The foregoing opinions are limited to the Maryland REIT Law, as defined in Title 8 of the Corporations and Associations Article of the Annotated Code of Maryland, and we do not express any opinion herein concerning any other law. We express no opinion as to the applicability or effect of any federal or state securities (or “blue sky”) laws, including the securities laws of the State of Maryland or any federal or state laws regarding fraudulent transfers. To the extent that any matter as to which our opinion is expressed herein would be governed by any provisions other than those set forth in the Maryland REIT Law, we do not express any opinion on such matter.
This opinion is being furnished to you for submission to the Commission as an exhibit to the Company’s Current Report on Form 8-K, which is incorporated by reference in the Registration Statement in accordance with the requirements of Form S-3 and the rules and regulations promulgated under the Securities Act. We hereby consent to the filing of this opinion as Exhibit 5.1 to the Registration Statement with the Commission on the date hereof and to the use of the name of our firm in the section entitled “Legal Matters” in the Prospectus. In giving this consent, we do not admit that we are within the category of persons whose consent is required by Section 7 of the Securities Act or the rules and regulations promulgated thereunder by the Commission.

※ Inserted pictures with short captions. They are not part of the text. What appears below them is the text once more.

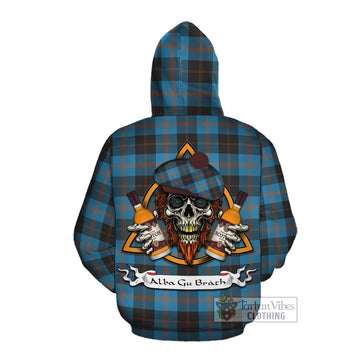 Horsburgh Tartan Cotton Hoodie with Family Crest and Bearded Skull Holding Bottles of Whiskey Pullover Hoodie - Tartan Vibes Clothing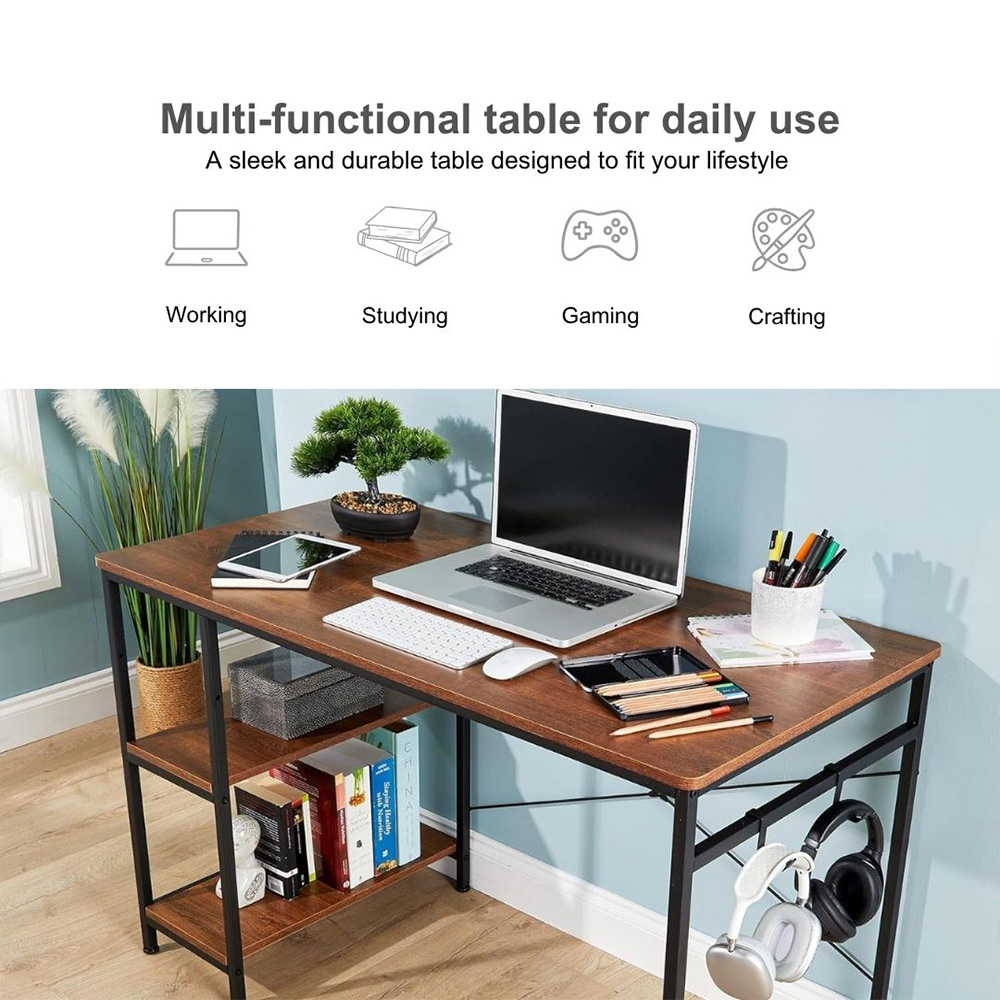 Home Source Stanton 2 Shelf Computer Desk with Hook Grey Image 7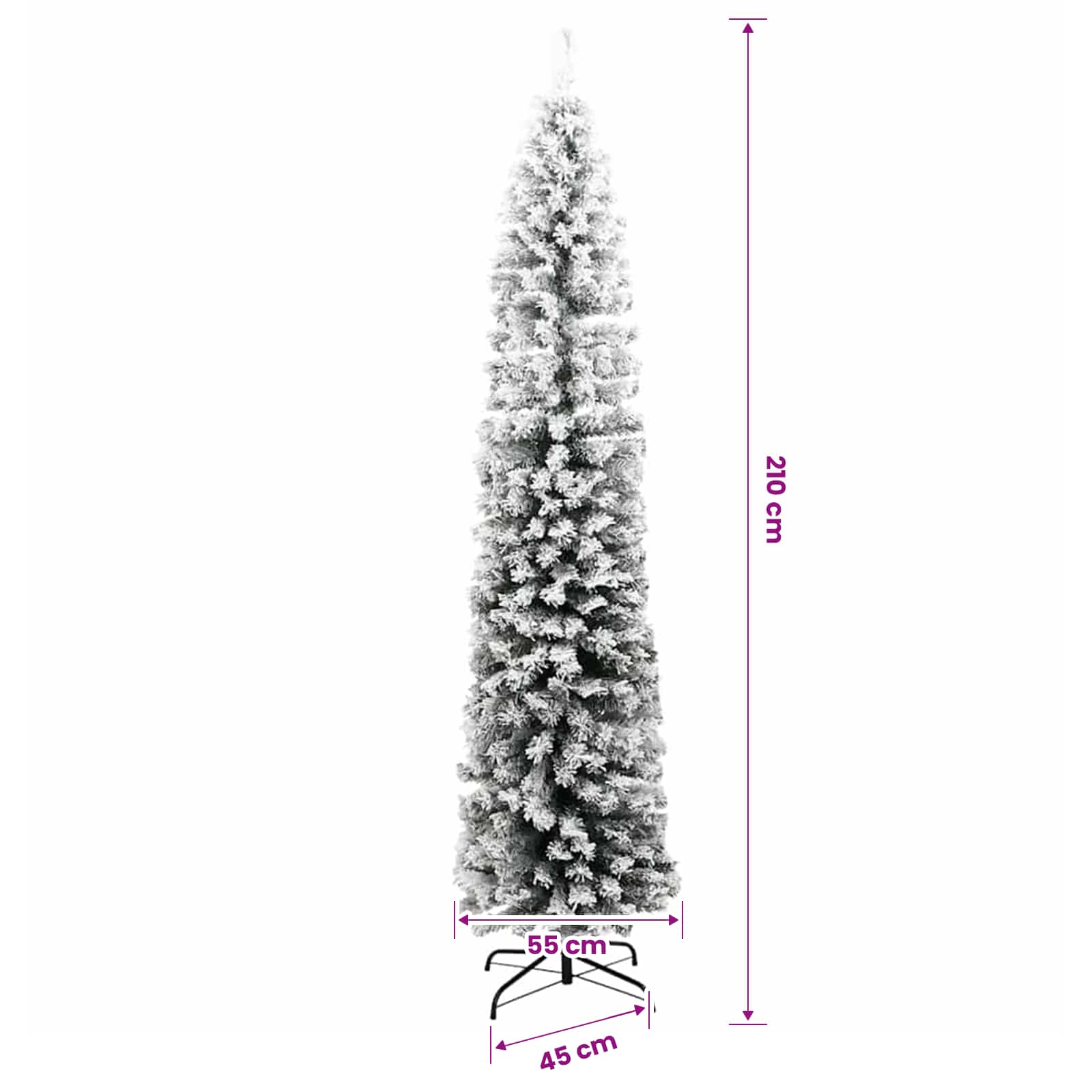 Artificial Christmas Tree with LED Light Green and white 210 cm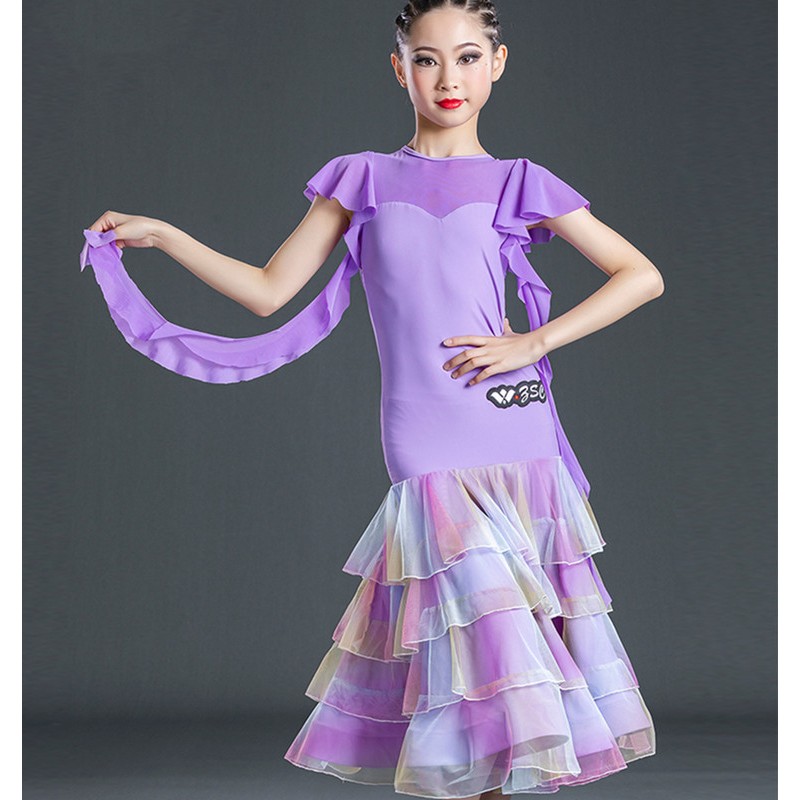 Girls kids violet purple ballroom dance dresses ballroom dancing costumes for children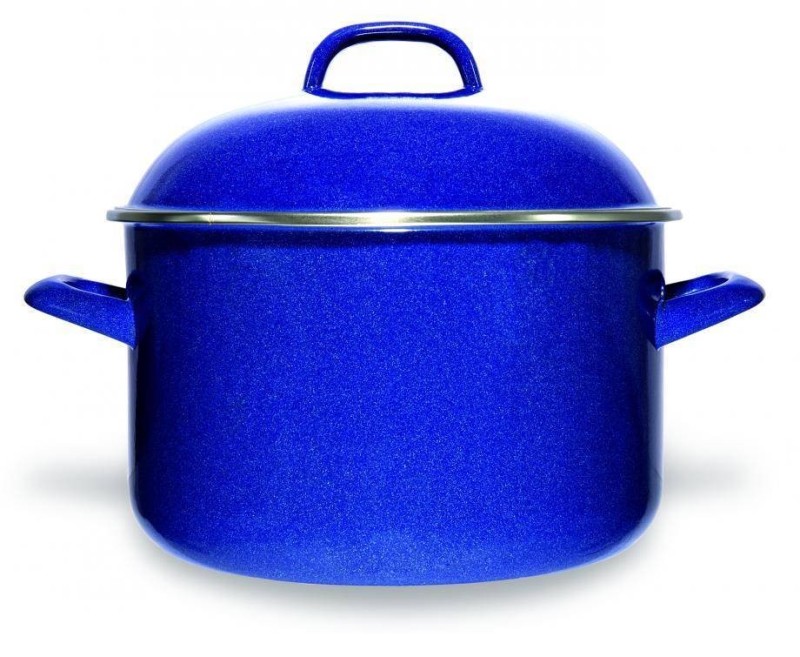 OLLA RECTA DE PELTRE AZUL. 26CM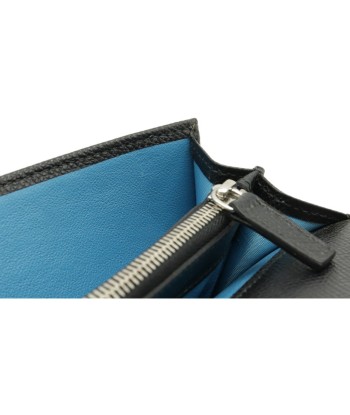 BVLGARI Bvlgari Clip Double W Long Wallet Leather Black Sky Blue 30416 Comparez et commandez 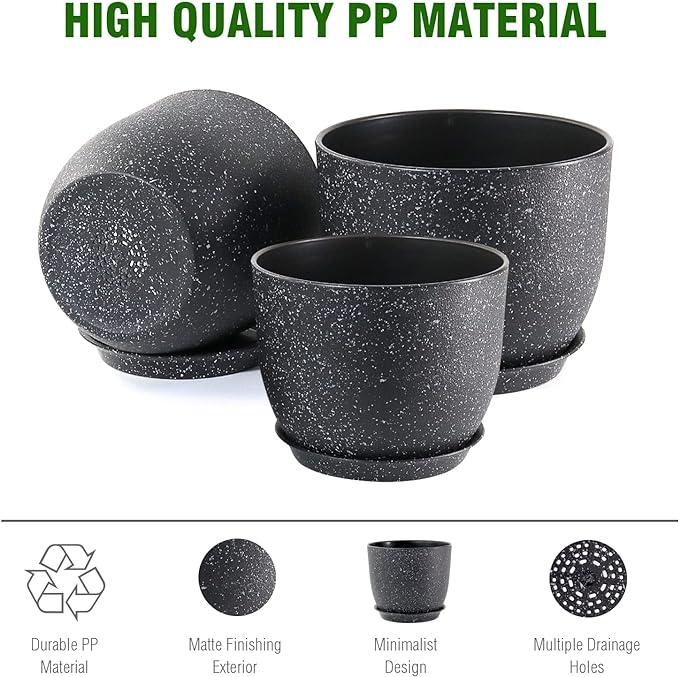 Plant Pots 10/9/8 inch, Set of 3 Modern Decorative Plastic Planters with Drainage Holes and Saucers for Garden House Plants, Flower Pots for Indoor Outdoor Plants, Speckled Black
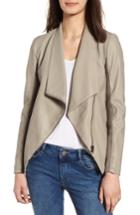 Women's Bb Dakota Gabrielle Faux Leather Asymmetrical Jacket - Beige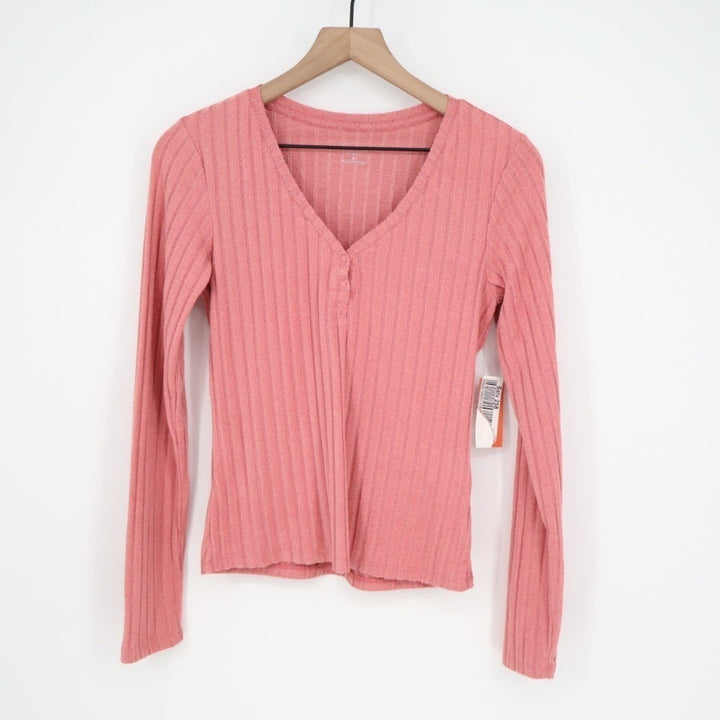 State of Day Intimates Pajama Top Womens Small Cinder Rose Ribbed Henley Neck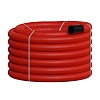 NR110 Усиленная  двустенная труба ПНД гибкая, тип 750, SN16, с зондом, D110мм (50м) цвет красный Экопласт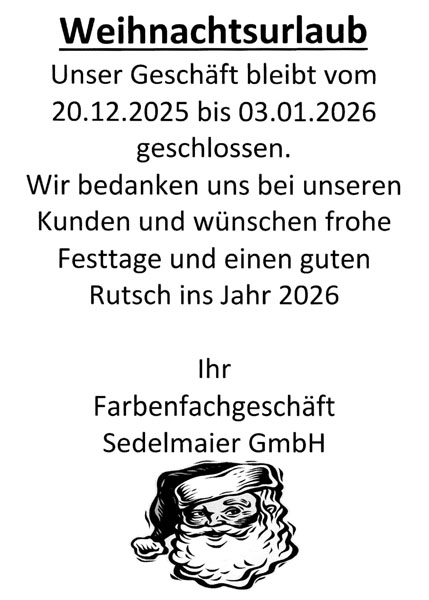 Weihnachtsurlaub 2025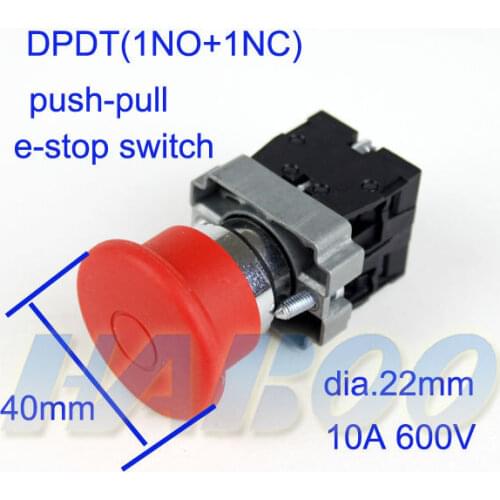 5pcs/lot diameter 22mm mushroom head push-pull emergency stop switch press to lock pull to reset 1NO+1NC DPST push pull switch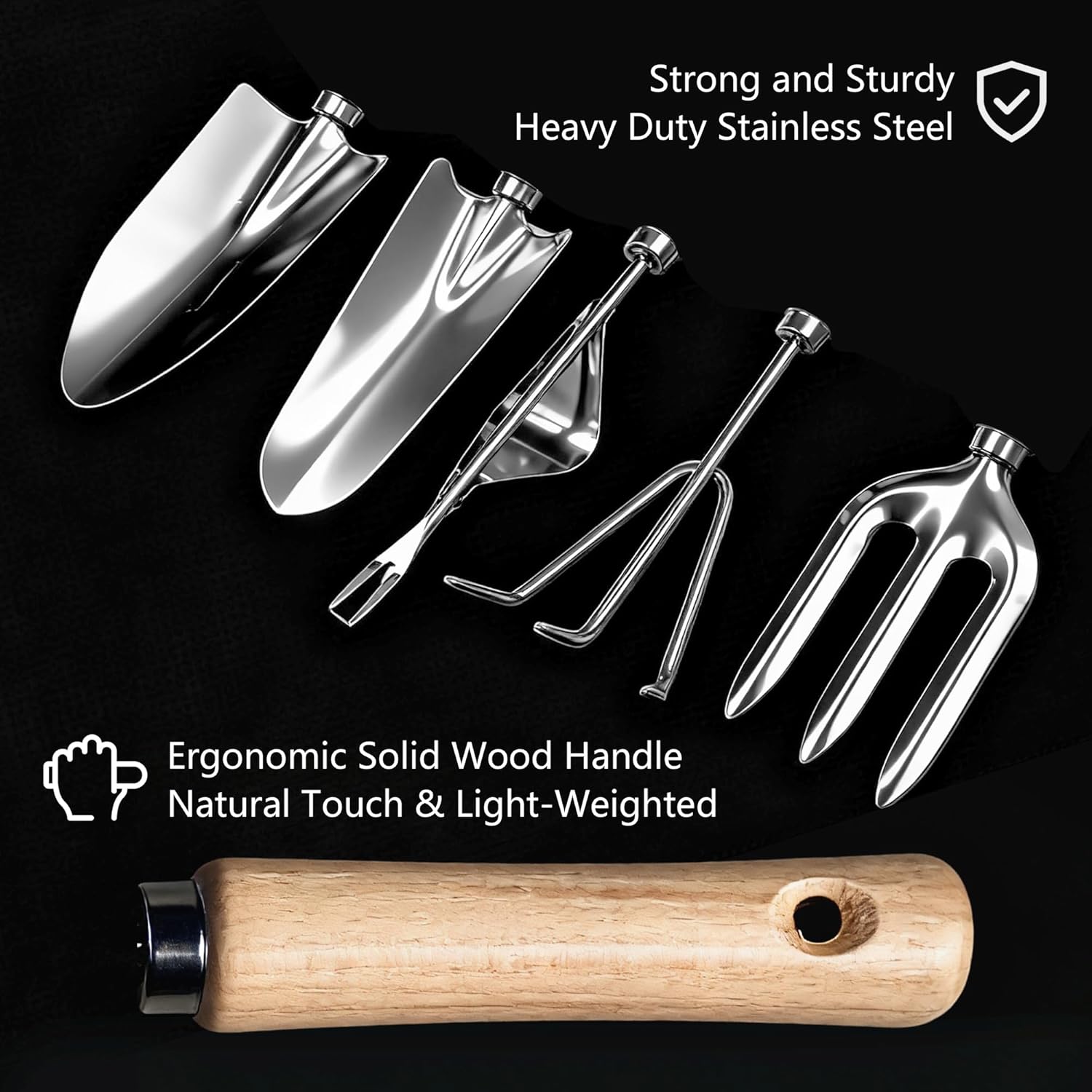 Garden Tool Set,10 Pcs Heavy Duty Gardening Hand Tools Set with Soil M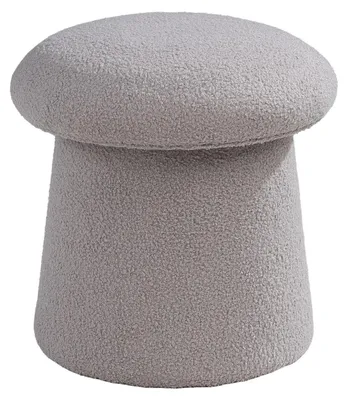 Produktbild von Hocker - Ø 44 cm - Hellgrau - Teddy-Stoffbezug - MDF - mit abnehmbaren Deckel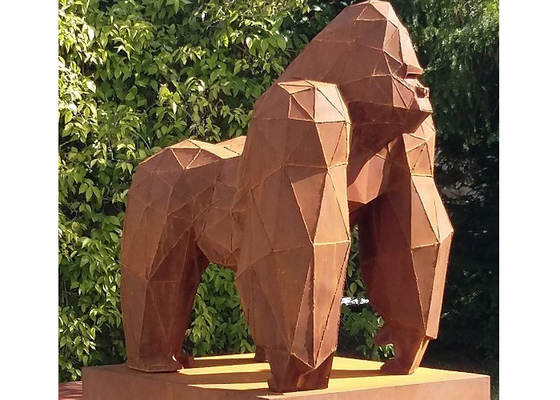 Rusty Corten Steel Gorilla Sculpture grandeur nature pour la décoration extérieure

This opinion is limited to the matters stated in this letter, and no opinion may be implied or inferred beyond the matters expressly stated in this letter. This opinion is given as of the date hereof, and we assume no obligation to advise you after the date hereof of facts or circumstances that come to our attention or changes in the law, including judicial or administrative interpretations thereof, that occur which could affect the opinions contained herein.